**Given records**:
══════════════════════════════

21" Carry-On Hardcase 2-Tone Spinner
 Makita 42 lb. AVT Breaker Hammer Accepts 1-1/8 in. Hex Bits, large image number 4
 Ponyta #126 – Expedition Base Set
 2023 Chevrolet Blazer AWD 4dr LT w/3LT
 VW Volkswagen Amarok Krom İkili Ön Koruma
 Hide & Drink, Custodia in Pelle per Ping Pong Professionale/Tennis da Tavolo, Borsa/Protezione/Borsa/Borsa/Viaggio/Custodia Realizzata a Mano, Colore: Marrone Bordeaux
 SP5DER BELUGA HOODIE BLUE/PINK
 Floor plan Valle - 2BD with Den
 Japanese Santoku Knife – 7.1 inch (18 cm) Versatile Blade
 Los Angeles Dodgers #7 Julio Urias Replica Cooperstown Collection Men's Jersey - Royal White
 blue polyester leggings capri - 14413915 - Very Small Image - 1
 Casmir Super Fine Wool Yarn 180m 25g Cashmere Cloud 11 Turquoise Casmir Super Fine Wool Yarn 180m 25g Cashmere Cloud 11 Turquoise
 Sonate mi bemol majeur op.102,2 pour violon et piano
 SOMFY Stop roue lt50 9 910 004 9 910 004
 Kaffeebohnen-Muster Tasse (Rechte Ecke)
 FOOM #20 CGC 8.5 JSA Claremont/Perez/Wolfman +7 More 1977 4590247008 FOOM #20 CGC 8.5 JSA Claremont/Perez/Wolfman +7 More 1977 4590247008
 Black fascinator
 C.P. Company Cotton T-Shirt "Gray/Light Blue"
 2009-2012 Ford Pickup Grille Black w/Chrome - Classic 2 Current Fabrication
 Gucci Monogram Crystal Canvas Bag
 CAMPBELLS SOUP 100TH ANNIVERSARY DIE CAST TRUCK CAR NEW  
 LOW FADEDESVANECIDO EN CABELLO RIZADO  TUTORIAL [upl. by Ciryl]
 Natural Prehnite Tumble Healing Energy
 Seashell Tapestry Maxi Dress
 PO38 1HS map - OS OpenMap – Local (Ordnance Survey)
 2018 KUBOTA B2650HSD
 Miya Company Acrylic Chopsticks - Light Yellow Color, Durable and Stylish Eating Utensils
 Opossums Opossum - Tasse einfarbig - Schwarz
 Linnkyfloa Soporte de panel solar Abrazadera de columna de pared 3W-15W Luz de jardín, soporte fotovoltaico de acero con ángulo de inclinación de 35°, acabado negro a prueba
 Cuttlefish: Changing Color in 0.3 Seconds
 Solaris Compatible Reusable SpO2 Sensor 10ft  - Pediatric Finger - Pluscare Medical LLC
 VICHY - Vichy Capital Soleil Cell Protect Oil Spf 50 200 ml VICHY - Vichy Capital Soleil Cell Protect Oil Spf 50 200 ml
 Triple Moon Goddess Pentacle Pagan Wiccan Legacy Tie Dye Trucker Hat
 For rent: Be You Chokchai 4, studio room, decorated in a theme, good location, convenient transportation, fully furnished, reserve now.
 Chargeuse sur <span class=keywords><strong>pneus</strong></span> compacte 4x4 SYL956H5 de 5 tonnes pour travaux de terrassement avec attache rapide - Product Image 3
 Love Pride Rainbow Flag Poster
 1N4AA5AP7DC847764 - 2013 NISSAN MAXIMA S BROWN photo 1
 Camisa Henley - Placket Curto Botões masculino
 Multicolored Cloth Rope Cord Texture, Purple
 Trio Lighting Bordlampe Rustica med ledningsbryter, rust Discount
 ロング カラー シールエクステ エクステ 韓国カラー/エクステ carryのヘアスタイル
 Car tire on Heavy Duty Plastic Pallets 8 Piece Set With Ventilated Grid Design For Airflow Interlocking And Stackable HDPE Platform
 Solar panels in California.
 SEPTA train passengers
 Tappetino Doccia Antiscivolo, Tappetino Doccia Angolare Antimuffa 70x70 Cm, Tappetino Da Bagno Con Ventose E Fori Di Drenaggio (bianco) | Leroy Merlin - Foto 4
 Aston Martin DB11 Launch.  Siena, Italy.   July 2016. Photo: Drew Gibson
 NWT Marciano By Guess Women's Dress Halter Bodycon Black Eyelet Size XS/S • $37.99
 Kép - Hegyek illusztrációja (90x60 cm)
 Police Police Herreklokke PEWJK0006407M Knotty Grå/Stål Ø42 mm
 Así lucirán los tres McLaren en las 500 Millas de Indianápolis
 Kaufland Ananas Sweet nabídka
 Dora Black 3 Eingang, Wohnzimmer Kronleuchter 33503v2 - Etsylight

══════════════════════════════

**Task objective**: Everything above from the line with "SOMFY Stop roue lt50 9 910 004 9 910 004" to the line with "2009-2012 Ford Pickup", both included, must be repeated exactly, and nothing outside that range.

**Output for this task**:
 SOMFY Stop roue lt50 9 910 004 9 910 004
 Kaffeebohnen-Muster Tasse (Rechte Ecke)
 FOOM #20 CGC 8.5 JSA Claremont/Perez/Wolfman +7 More 1977 4590247008 FOOM #20 CGC 8.5 JSA Claremont/Perez/Wolfman +7 More 1977 4590247008
 Black fascinator
 C.P. Company Cotton T-Shirt "Gray/Light Blue"
 2009-2012 Ford Pickup Grille Black w/Chrome - Classic 2 Current Fabrication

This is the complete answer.